### TASK PROMPT
All that is wanted is an exact copy of the lines below, starting at the one that contains "Trzy czipy." and running to the end.

Stored data
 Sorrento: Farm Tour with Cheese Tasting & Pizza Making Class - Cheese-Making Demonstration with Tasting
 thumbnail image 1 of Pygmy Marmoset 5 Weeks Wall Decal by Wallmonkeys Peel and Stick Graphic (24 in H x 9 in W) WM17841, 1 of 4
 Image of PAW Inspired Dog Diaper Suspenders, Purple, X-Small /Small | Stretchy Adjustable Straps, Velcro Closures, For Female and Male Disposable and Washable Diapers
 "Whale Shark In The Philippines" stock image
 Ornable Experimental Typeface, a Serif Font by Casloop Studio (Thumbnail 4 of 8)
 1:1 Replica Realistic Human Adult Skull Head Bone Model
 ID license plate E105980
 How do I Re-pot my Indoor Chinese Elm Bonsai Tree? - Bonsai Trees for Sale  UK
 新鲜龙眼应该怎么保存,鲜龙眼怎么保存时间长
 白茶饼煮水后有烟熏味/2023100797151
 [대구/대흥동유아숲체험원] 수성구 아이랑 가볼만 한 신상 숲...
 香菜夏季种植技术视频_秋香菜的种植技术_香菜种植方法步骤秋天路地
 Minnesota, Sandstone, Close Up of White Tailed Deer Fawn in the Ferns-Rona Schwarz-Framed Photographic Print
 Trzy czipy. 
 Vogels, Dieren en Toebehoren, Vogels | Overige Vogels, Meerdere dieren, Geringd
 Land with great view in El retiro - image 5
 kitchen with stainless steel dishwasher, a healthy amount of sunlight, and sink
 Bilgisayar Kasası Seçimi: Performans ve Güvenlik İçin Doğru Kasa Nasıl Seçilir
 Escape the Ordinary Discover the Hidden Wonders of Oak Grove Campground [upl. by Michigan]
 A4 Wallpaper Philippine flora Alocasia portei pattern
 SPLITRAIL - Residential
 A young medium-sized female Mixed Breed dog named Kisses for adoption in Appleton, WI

### PROBLEM SOLUTION
 Trzy czipy. 
 Vogels, Dieren en Toebehoren, Vogels | Overige Vogels, Meerdere dieren, Geringd
 Land with great view in El retiro - image 5
 kitchen with stainless steel dishwasher, a healthy amount of sunlight, and sink
 Bilgisayar Kasası Seçimi: Performans ve Güvenlik İçin Doğru Kasa Nasıl Seçilir
 Escape the Ordinary Discover the Hidden Wonders of Oak Grove Campground [upl. by Michigan]
 A4 Wallpaper Philippine flora Alocasia portei pattern
 SPLITRAIL - Residential
 A young medium-sized female Mixed Breed dog named Kisses for adoption in Appleton, WI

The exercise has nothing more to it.